Testing for stationarity

We will discuss three common approaches to evaluating stationarity:

Visual test
(Augmented) Dickey-Fuller test
KPSS test

Visual test

The visual test is simply looking at a plot of the data versus time. Look for

Change in the level over time. Is the time series increasing or decreasing? Does it appear to cycle?
Change in the variance over time. Do deviations away from the mean change over time, increase or decrease?

Anchovy and sardine catch in Greek waters

Classic stationarity tests

Dickey-Fuller (ADF) vs. KPSS Tests

Aspect	Dickey-Fuller (ADF) Test	KPSS Test
Purpose	Tests for the presence of a unit root (non-stationarity).	Tests for stationarity (null hypothesis is stationary).
Null Hypothesis (H₀)	Series has a unit root (non-stationary).	Series is stationary.
Alternative Hypothesis (H₁)	Series is stationary.	Series is not stationary (has a unit root).
Test Result Interpretation	Reject H₀ → Stationary (no unit root).	Reject H₀ → Non-stationary (has a unit root).
Type of Test	Uses a regression model to check for unit root.	Compares the series’ behavior against a stationary process.

Testing with the forecast package

ndiffs() uses a unit root test to determine the number of differences required for time series x to be made stationary.

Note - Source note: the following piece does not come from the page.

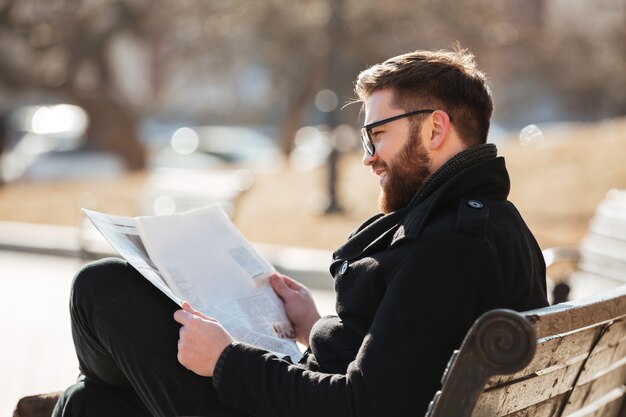 Улыбающийся человек в очках читает газету на скамейке на открытом воздухе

If test=“kpss”, the KPSS test is used with the null hypothesis that x has a stationary root against a unit-root alternative. Then the test returns the least number of differences required to pass the test at the level alpha.

library(forecast)
ndiffs(WWWusage)
ndiffs(diff(log(AirPassengers), 12))

Fix stationarity problems

In this lecture we will use differencing, the I in ARIMA model refers to differencing.

Differencing the data to make the mean stationary

Differencing means to create a new time series \(z_t = x_t - x_{t-1}\).

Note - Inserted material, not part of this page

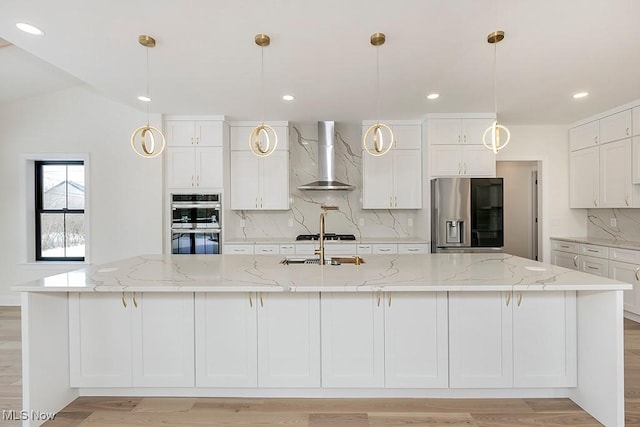 2762 Rocky Ridge Dr, Westlake, OH 44145 - kitchen with a large island, wall chimney range hood, backsplash, white cabinets, and stainless steel appliances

The diff() function takes the first difference (so \(z_t - z_{t-1}\)):

x <- diff(c(1,2,4,7,11))
x

## [1] 1 2 3 4

The second difference is the first difference of the first difference.

diff(diff(c(1,2,4,7,11)))

## [1] 1 1 1

Anchovy catch first differenced

Here is a plot of the anchovy data and its first difference.

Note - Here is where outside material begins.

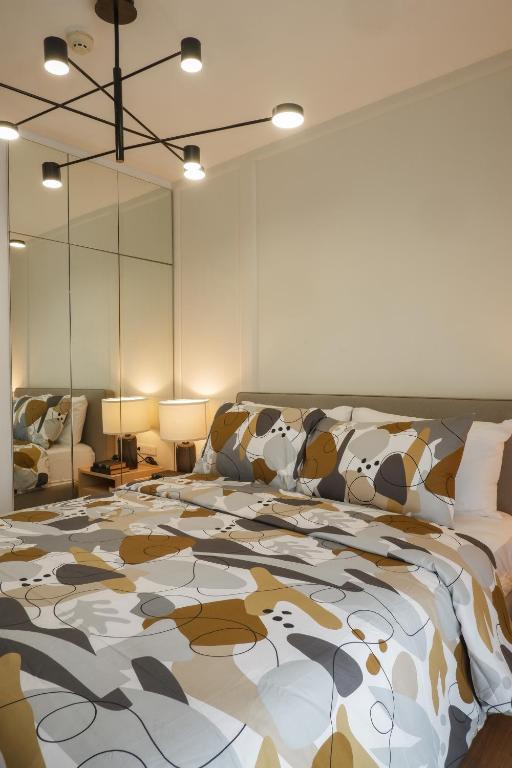 Postel nebo postele na pokoji v ubytování Elegant, and Family-Friendly 2BR in Pine Suites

`forecast::ndiffs()` function

You can use the ndiffs() function in the forecast package to find the number of differences needed.

forecast::ndiffs(anchovyts, test="kpss")

## [1] 1

forecast::ndiffs(anchovyts, test="adf")

## [1] 1

The test indicates that one difference (\(x_t - x_{t-1}\)) will lead to stationarity.

Summary

Test stationarity before you fit a ARMA model.

Visual test: Do the data fluctuate around a level or do they have a trend or look like a random walk?

Yes or maybe? -> Apply a “unit root” test. ADF or KPSS

No or fails the unit root test? -> Apply differencing and re-test.

Still not passing? -> Try a second difference or you may need to transform the data (if say it has an exponential trend).

Still not passing? -> ARMA model might not be the best choice. Or you may need to use an adhoc detrend.

These steps are automated by the forecast package

Box-Jenkins method

A. Model form selection

Evaluate stationarity
Selection of the differencing level (d) – to fix stationarity problems
Selection of the AR level (p)
Selection of the MA level (q)

B. Parameter estimation

C. Model checking

ACF and PACF

On Tuesday, you learned how to use ACF and PACF to visually infer the AR and MA lags for a ARMA model. Here is the ACF and PACF of the differenced anchovy time series.

Formal model selection

This weighs how well the model fits against how many parameters your model has. Basic idea is to fit (many) models and use AIC, AICc or BIC to select. Smallest AIC or BIC is best model.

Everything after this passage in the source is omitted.